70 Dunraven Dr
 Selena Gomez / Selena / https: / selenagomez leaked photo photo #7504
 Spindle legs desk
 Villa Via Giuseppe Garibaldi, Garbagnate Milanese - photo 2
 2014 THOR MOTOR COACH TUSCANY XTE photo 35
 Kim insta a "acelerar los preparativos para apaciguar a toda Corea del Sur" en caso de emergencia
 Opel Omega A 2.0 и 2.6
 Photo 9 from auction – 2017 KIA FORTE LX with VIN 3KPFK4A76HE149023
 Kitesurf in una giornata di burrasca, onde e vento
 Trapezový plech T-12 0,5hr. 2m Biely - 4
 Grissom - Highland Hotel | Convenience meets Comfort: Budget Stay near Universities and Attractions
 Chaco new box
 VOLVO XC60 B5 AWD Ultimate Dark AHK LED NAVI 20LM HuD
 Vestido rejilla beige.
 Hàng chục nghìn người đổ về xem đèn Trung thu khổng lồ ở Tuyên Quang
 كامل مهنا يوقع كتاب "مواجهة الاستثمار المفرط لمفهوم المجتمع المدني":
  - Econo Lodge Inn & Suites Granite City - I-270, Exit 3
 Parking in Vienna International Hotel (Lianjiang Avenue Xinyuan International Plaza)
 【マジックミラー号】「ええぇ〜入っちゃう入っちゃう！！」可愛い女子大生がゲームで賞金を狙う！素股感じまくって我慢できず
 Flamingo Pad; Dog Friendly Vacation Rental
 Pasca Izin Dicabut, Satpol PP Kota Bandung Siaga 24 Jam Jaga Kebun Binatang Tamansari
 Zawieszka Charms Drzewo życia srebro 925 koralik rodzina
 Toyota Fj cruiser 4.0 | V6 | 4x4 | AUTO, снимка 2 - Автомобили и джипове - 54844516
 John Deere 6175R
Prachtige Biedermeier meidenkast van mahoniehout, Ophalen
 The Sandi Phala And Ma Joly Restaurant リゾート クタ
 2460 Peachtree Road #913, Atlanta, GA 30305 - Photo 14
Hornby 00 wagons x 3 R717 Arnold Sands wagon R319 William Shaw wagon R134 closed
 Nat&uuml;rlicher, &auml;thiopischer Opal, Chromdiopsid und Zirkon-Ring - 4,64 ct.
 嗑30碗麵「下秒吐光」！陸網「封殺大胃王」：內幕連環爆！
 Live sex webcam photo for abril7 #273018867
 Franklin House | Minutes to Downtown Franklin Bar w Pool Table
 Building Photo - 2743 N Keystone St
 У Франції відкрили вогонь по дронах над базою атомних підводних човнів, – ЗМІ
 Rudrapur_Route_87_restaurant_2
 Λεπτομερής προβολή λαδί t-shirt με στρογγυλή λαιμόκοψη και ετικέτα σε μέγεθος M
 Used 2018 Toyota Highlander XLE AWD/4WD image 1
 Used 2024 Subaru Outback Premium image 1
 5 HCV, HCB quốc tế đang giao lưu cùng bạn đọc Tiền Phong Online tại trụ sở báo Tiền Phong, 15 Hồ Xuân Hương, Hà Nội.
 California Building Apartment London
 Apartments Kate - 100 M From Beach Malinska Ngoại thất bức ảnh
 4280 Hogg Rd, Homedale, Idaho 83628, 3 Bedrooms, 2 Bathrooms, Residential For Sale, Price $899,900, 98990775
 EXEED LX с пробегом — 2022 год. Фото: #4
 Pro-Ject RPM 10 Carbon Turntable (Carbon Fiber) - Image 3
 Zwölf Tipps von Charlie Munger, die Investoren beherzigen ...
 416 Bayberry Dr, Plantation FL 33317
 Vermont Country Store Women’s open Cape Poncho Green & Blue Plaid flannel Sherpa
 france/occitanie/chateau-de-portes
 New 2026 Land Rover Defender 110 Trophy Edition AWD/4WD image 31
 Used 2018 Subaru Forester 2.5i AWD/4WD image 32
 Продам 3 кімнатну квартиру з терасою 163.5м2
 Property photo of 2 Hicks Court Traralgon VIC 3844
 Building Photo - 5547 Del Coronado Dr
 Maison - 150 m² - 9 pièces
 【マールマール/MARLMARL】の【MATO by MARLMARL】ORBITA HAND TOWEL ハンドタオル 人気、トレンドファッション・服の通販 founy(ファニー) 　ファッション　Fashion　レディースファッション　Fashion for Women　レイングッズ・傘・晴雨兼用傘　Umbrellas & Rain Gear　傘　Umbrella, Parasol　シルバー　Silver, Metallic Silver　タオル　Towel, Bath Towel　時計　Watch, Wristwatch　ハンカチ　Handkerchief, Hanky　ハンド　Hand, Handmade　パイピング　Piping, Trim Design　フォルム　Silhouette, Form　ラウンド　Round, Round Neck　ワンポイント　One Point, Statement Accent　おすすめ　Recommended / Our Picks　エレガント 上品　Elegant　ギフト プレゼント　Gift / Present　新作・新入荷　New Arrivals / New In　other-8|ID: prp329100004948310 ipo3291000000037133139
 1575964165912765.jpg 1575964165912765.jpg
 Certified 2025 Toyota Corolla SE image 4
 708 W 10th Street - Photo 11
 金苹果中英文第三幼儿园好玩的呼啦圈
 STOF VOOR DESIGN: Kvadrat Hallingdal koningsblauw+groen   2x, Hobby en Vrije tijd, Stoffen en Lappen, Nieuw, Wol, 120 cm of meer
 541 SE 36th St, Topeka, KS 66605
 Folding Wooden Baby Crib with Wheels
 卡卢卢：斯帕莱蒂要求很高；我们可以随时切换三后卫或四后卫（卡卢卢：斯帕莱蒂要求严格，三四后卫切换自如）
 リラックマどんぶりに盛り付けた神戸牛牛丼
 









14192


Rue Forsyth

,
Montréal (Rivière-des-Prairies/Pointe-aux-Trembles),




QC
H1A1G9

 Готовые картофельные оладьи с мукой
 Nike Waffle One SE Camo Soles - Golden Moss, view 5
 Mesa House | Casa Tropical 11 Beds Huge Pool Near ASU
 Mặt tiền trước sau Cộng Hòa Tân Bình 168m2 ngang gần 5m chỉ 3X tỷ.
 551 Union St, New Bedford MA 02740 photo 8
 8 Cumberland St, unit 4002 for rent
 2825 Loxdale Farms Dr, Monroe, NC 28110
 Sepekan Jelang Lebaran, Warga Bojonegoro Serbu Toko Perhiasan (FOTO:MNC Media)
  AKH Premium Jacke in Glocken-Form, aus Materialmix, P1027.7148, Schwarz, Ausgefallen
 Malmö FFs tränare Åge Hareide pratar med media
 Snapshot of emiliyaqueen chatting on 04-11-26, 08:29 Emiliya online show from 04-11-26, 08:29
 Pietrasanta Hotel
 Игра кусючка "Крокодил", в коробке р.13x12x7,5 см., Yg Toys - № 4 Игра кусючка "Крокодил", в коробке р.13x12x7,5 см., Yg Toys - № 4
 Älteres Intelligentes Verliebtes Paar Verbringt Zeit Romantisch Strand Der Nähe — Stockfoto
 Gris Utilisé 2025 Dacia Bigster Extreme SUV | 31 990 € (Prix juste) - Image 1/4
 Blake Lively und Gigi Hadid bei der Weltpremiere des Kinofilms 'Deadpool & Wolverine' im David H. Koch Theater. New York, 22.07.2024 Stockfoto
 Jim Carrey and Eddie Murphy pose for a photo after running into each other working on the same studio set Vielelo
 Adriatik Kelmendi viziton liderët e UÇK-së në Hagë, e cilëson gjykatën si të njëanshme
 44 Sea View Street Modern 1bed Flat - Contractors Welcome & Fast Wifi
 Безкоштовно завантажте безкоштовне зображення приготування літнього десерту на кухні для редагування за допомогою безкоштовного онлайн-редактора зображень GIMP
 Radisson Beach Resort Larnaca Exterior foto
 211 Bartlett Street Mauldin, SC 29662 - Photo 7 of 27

▶ **EXERCISE INSTRUCTIONS**:
From the listing above, return the lines starting at the one with "8 Cumberland St, unit 4002 for rent" and ending at the one with "Adriatik Kelmendi viziton", both kept, exactly as they appear and nothing more.

▶ **ANSWER SPACE**:
 8 Cumberland St, unit 4002 for rent
 2825 Loxdale Farms Dr, Monroe, NC 28110
 Sepekan Jelang Lebaran, Warga Bojonegoro Serbu Toko Perhiasan (FOTO:MNC Media)
  AKH Premium Jacke in Glocken-Form, aus Materialmix, P1027.7148, Schwarz, Ausgefallen
 Malmö FFs tränare Åge Hareide pratar med media
 Snapshot of emiliyaqueen chatting on 04-11-26, 08:29 Emiliya online show from 04-11-26, 08:29
 Pietrasanta Hotel
 Игра кусючка "Крокодил", в коробке р.13x12x7,5 см., Yg Toys - № 4 Игра кусючка "Крокодил", в коробке р.13x12x7,5 см., Yg Toys - № 4
 Älteres Intelligentes Verliebtes Paar Verbringt Zeit Romantisch Strand Der Nähe — Stockfoto
 Gris Utilisé 2025 Dacia Bigster Extreme SUV | 31 990 € (Prix juste) - Image 1/4
 Blake Lively und Gigi Hadid bei der Weltpremiere des Kinofilms 'Deadpool & Wolverine' im David H. Koch Theater. New York, 22.07.2024 Stockfoto
 Jim Carrey and Eddie Murphy pose for a photo after running into each other working on the same studio set Vielelo
 Adriatik Kelmendi viziton liderët e UÇK-së në Hagë, e cilëson gjykatën si të njëanshme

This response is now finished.